Still, as ardent as this longing for light may be, the quests for it often ended in calamity or melancholy. van Gogh suffered from epileptic episodes, mood swings, paranoia and delusions during his life, which allegedly culminated in a violent suicide. Kuafu, overwhelmed by an enormous thirst at the end of his pursuit, drank up the Yellow River but failed to quench his thirst. He then proceeded to the Great Sea, but succumbed to dehydration before he reached the place. If deceased warriors did find a new form of embodiment through fireflies, their extended time on Earth lasted merely as long as the lifespan of the insects: a measly two months on average. Even love sometimes fizzles out and vanishes without a trace, making its resemblance to the beautiful but short-lived insects more of a lament than an accolade.

Yet if one could catch a glimpse of these individuals at their most glorious moments: van Gogh’s romantic renditions of the heavens, Kuafu conquering vast stretches of land under his feet in his bold wager against the Sun, the warriors’ heroic battles for their cause; it may be hard not to be dazzled by their awe-inspiring efforts. Regrettably, many historic figures do not leave adequate marks of themselves for modern-day opinion makers to form a well-rounded judgement of them. Often, their legacy was left at the mercy of victors, who could be incentivised to tarnish their names. Even when such mudslinging did not occur, contemporary commentators, knowing only of their ultimate defeats (be them to the force of nature or human adversaries), may be quick to dismiss them as pathetic losers.
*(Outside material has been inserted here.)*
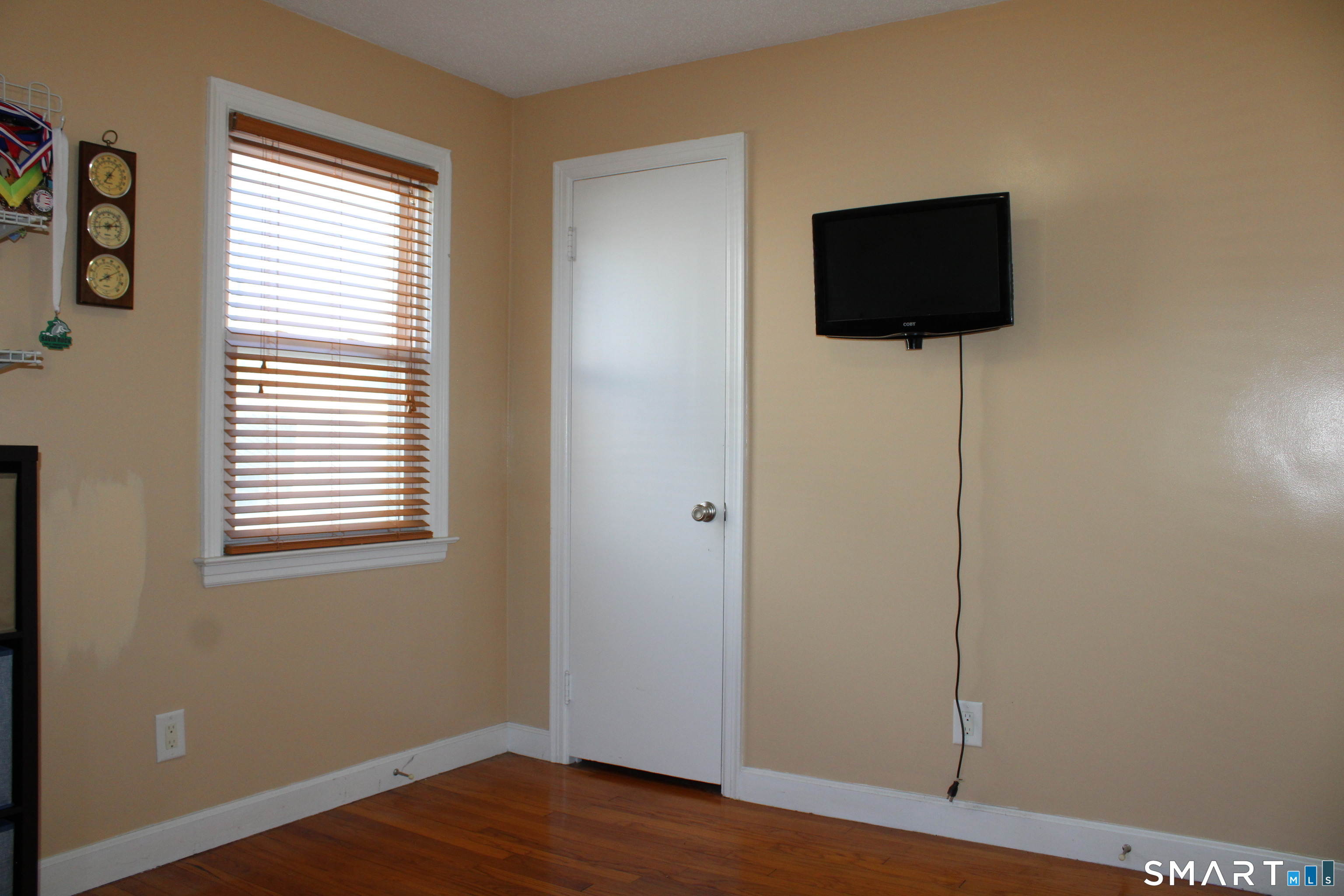 76 Woodmont Road West Haven CT 06516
One can only imagine the full extent of the injustice as their true selves are shut away in an unreachable corner of history, the forced recluses in our collective narrative.

Exactly how many “van Gogh”s, far more removed from the present era than the starry night lover himself and incapable of leaving records of themselves in their trail, have languished in human memory, their valiant struggles never seeing the light of the day?